Exercise proves to be an evidence based treatment option for depression

In this blog, we explain the results of our review recently published in BJSM. We conducted a systematic review and meta-analysis of studies examining the effect of exercise interventions (including aerobic training like running and cycling and strength training) on adults with elevated levels of depression to synthesise existing evidence.

Why is this study important?

Depression is a prevalent and disabling disorder associated with reduced quality of life, medical comorbidity and mortality, and is a leading cause of disability worldwide. Increasing rates are highlighting the need for appropriate, accessible and cost-effective treatment options. It is important to know that about two thirds of adults with depression do not receive adequate treatment and that untreated depression often leads to intensification of the illness including the development of comorbidities resulting in even higher costs for society. This attests to the need for rapid and readily available alternative treatment options. Up to now, reviews have reported evidence for exercise but mixed results prevent us from recommending exercise as a full treatment alternative. This study is important since it is the largest and most current synthesis on the topic. 

How did the study go about this?

We searched seven databases for studies that investigated exercise (defined as planned, structured, repetitive and purposive physical activity with the purpose to improve or maintain physical fitness) in treating depression in adults. There were 41 studies included in final analysis. We determined the effects reported in each study. Studies with more participants carried a greater weight. We also examined factors which could impact the effects reported and determined how much these factors affected the results. 

What did the study find?

We found a large effect of exercise interventions in reducing depressive symptoms. Subgroup analyses revealed factors with the largest and most robust effects for exercise interventions:

  • at moderate intensity that increases the heart rate and the body’s use of oxygen;
  • that are supervised by trained exercise and health professionals;
  • that perform aerobic exercise;
  • performed within group settings.

We also found large effects for further regimens e.g., vigorous intensity and resistance training. For some regimens (like light intensity training) not enough studies could be included in analyses and therefore no statement could be made. 
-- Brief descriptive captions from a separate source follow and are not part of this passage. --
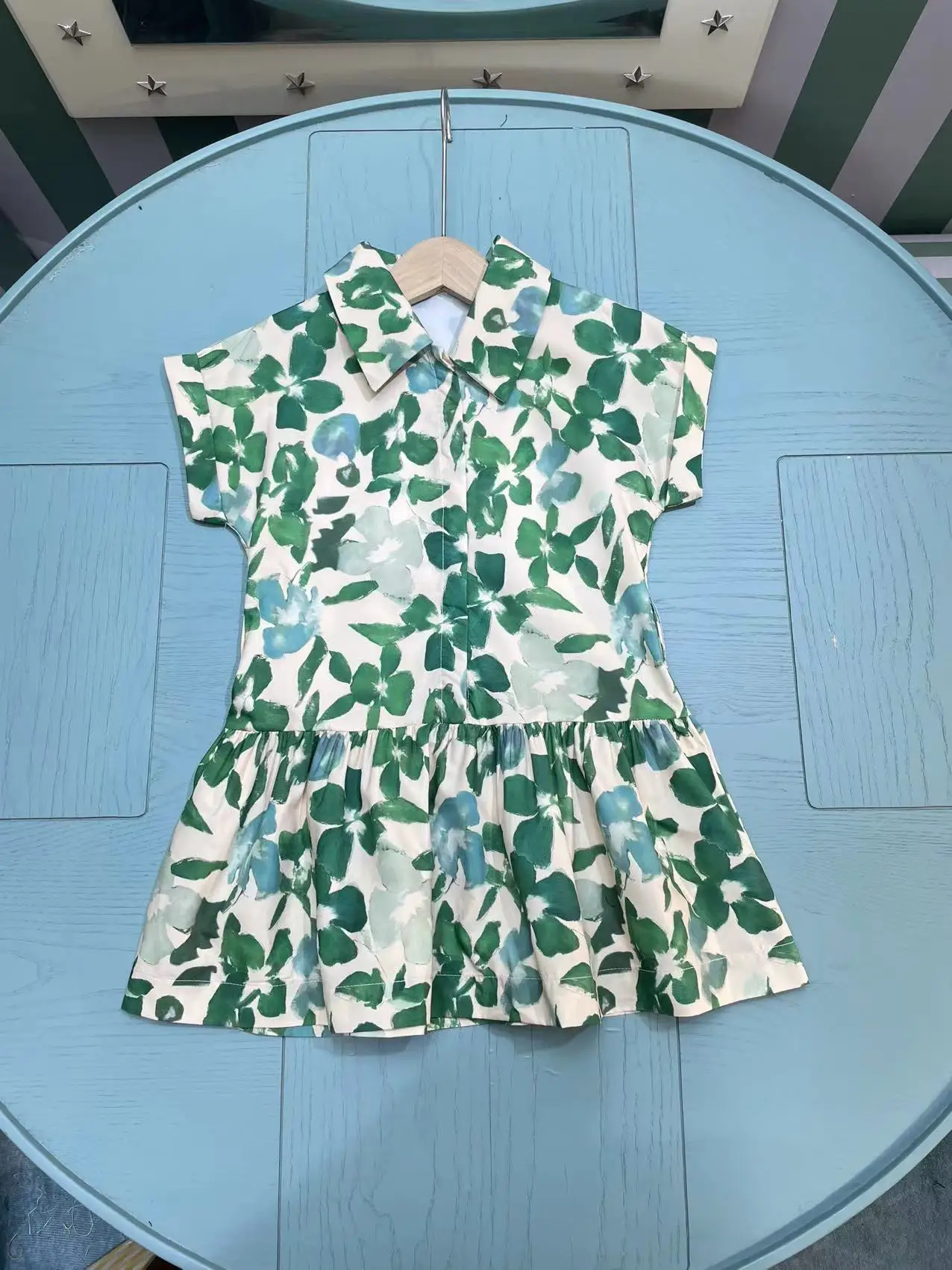 

2025 summer new fashion design Leaf print dress for baby girls short sleeve with belt dress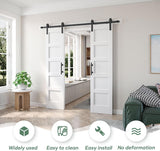 Double 21inx84in White Barn Door and 7FT Sliding Barn Door Hardware Kit Included,Solid,MDF, PVC Surf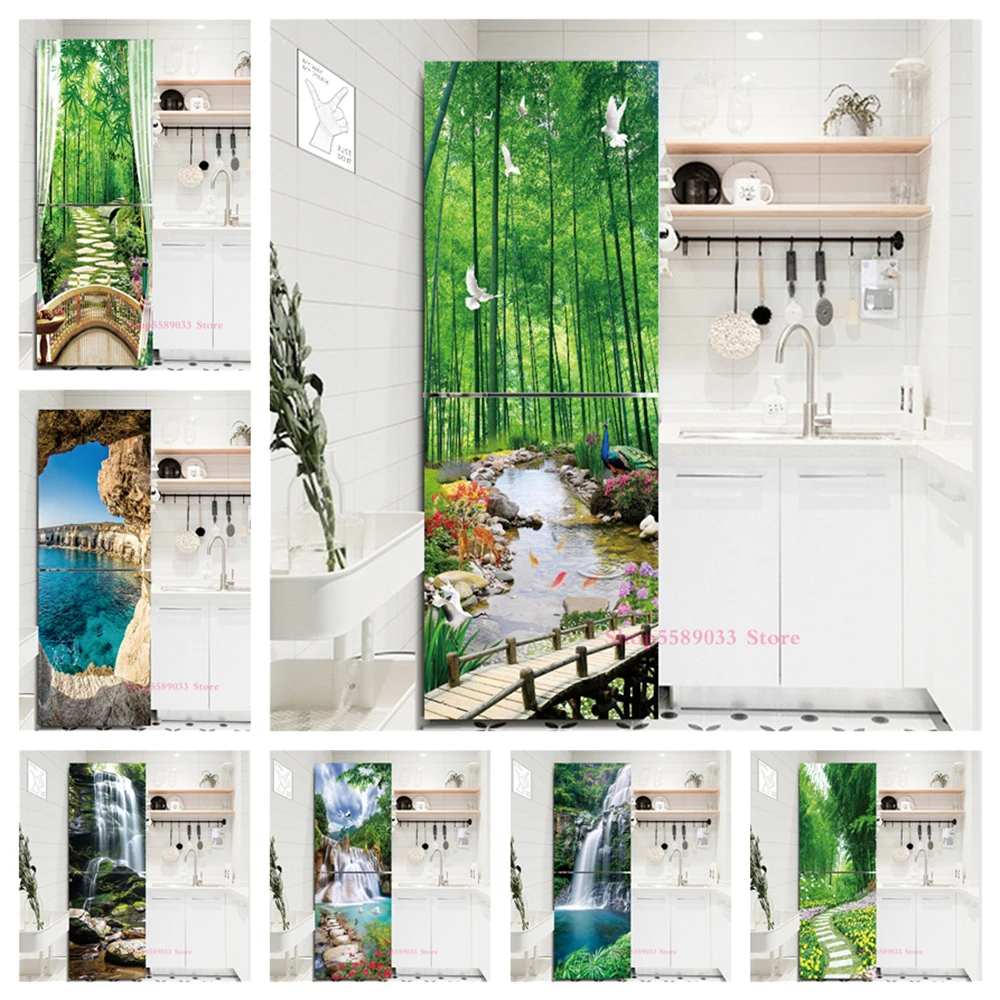 冷蔵庫用の防水ビニール壁紙 竹と森のプリントステッカー 冷蔵庫のドアカバー 家の装飾 ウォール ステッカー Aliexpress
Including only studies with a low risk of bias (implying that results represent the true treatment effects) reveal moderate effects comparable to reviews investigating psychotherapy or medication. Further studies investigating long-term effects and if exercise is non-inferior to first-line treatments need to be undertaken.

Clinical implications included that if 100 people were each in the control and the exercise group, 20 participants in the control and 54 in the exercise group can be expected to have favourable outcomes. The numbers needed to treat (NNT) was 2 (low risk of bias 2.8) which is comparable to recent meta-analyses with psychotherapy revealing an NNT of 2.5 (low risk of bias 3.5) and for medication of 4.3. Based on an NNT of 2 for the main analyses this means that for every two people treated with exercise, it is expected at least one to have a large magnitude reduction in depressive symptoms. 

Exercise showed an additional declining effect over control conditions of −4.70 points on the measure Hamilton Depression Scale (10 – 13 mild; 14-17 mild to moderate; >17 moderate to severe depression) in 16 studies and −6.49 in the Becks Depression Inventory (0–13 minimal, 14–19 mild, 20–28 moderate, and 29–63 severe) in eight studies. This indicates a clinically meaningful reduction of depressive symptoms from moderate to mild depression. 

What are the key take-home points?

The results suggest exercise to qualify as an efficacious treatment option for depressive symptoms among people with depression focusing specifically on supervised and group exercise with moderate intensity and aerobic exercise regimes. This offers a further evidence-based treatment option for the large amount of untreated individuals, including those who refuse or cannot tolerate medication and/or psychotherapy or where they are not available. Given the high heterogeneity and mainly small and selected samples of the included studies, this requires individual decisions involving the treating physician to determine if and which conditions of exercise are the optimal treatment of choice while also recognising the potential synergistic effects of exercise in managing both physical and mental well-being. Therefore, clinicians, health practitioners and exercise professionals should consider exercise as an effective treatment option for depression in their practice.